This morning a homeless woman pulled down her pants right in front of me in Washington Square Park and proceeded to urinate right there, right in the middle of the sidewalk, right in front me and a dozen-or-so homeless guys who yelped and hollered and what-the-fucked at the sight. This happened near the chess corner of the park, the southwest corner, where most of the off-the-gridders (ie, the scruffy homeless) seem to linger. I was walking to my Game Design class from a small diner on 6th Ave where I’d had an omelette for breakfast.

Yesterday evening after dark on 3rd street right by the Stern Business School I accidentally stepped on the corner of a trash bag that sat next to a mailbox.

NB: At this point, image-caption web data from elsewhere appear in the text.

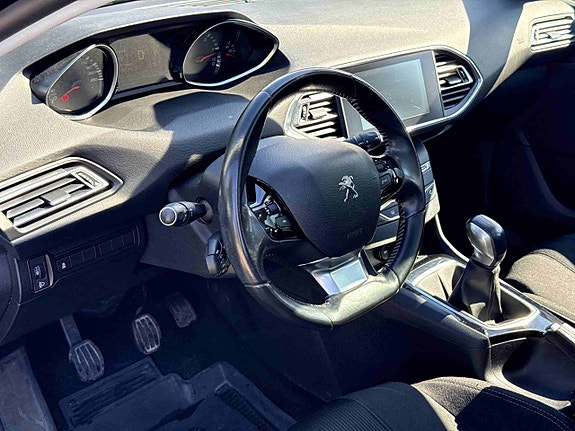 Peugeot 308 13 of 30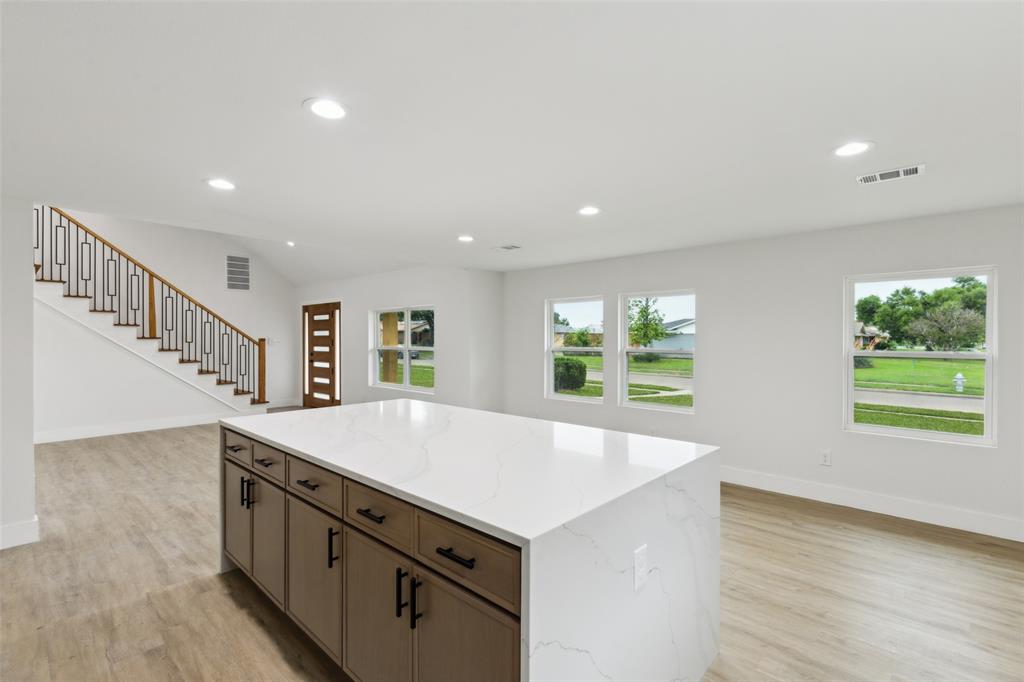 Town North Park 01 - Residential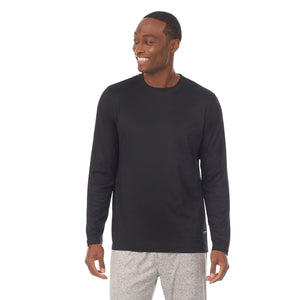  A lady wearingMens Far-Infrared Enhance Sleep Short Sleeve V-Neck Top with Grey Heather print
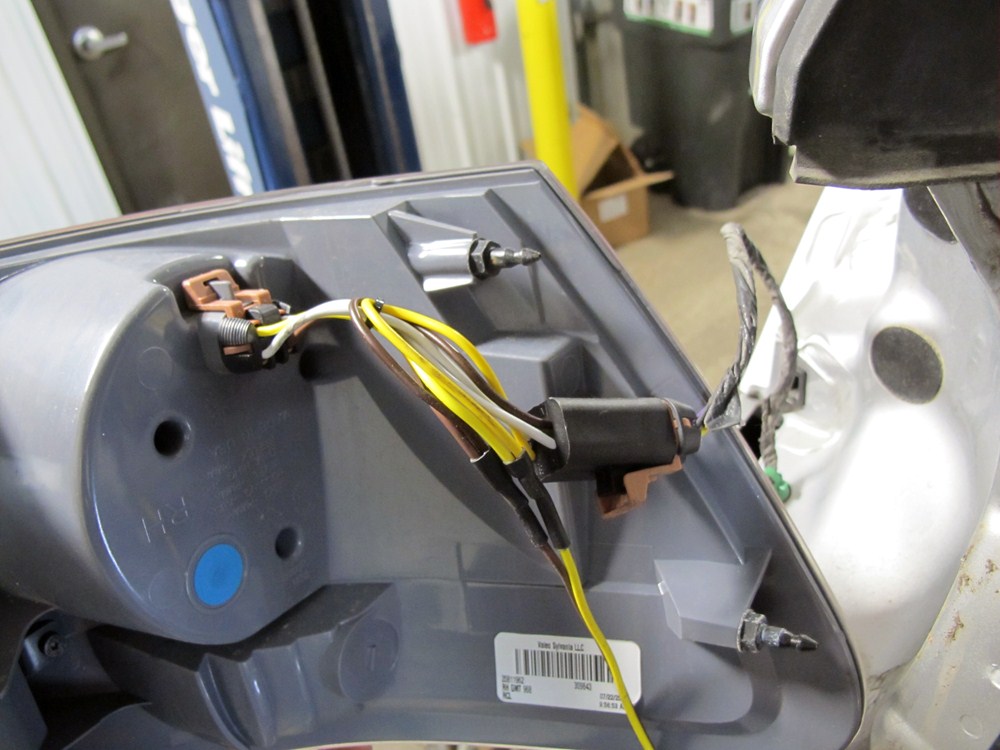 2010 GMC Acadia Custom Fit Vehicle Wiring - Curt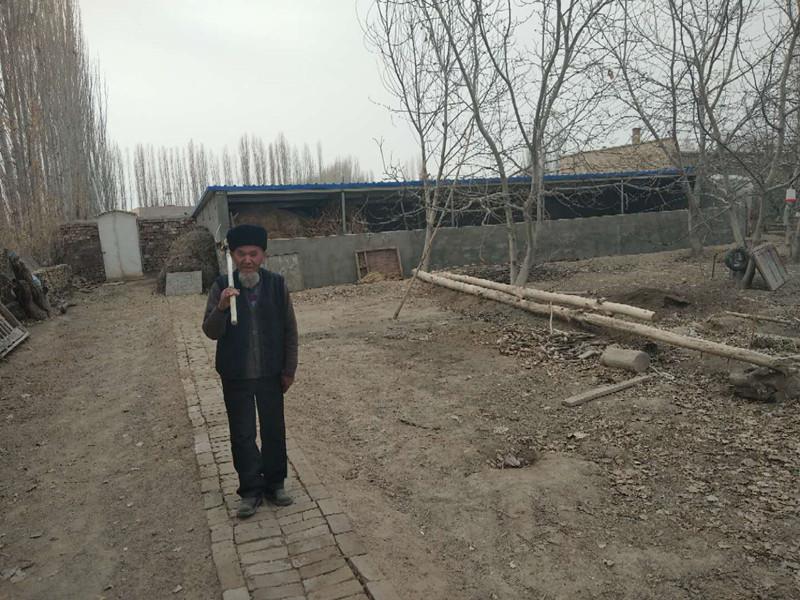 吐尔地老人要戴emc易倍事情帽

And it yelled at me. Turns out it was a foot. Of another gentleman-without-house who had made his bed for the night under some old bags and blankets on the sidewalk. So he shouted at me and rolled back into his stuff to try to get back to sleep.

I neither urinate nor sleep in public, unless you count watering the plants in the Washington Square Village quad on the way home from a bar or nodding off for a sec during one of my classes on my over-packed Tuesdays. But even in those cases I do my best to keep it to myself.

Today I nodded off in my Intro to Computation Media (“ICM”) class. For just a few moments. I barely slept last night and, well, even a good breakfast and a quick morning run couldn’t make up for that energy deficit. And this is unfortunate, because we’re getting into some cool shit.

We’ve been learning how to program graphics using a Java front-end called Processing for the past four weeks. And I’ve been kicking ass and having some fun with it since I already have a decent programming background. Check out what I’ve already done: squares, boxes, sticks, circles, tubes. I’ve been playing around with simple algorithms that lead to fun and unpredictable outcomes. In my Game Design class we’ve been exploring developing simple rulesets that lead to fun and engaging gameplay and I think that same mentality can be applied here to make engaging visual art. At least that’s been my general approach. With added inspiration from Jared. Yup.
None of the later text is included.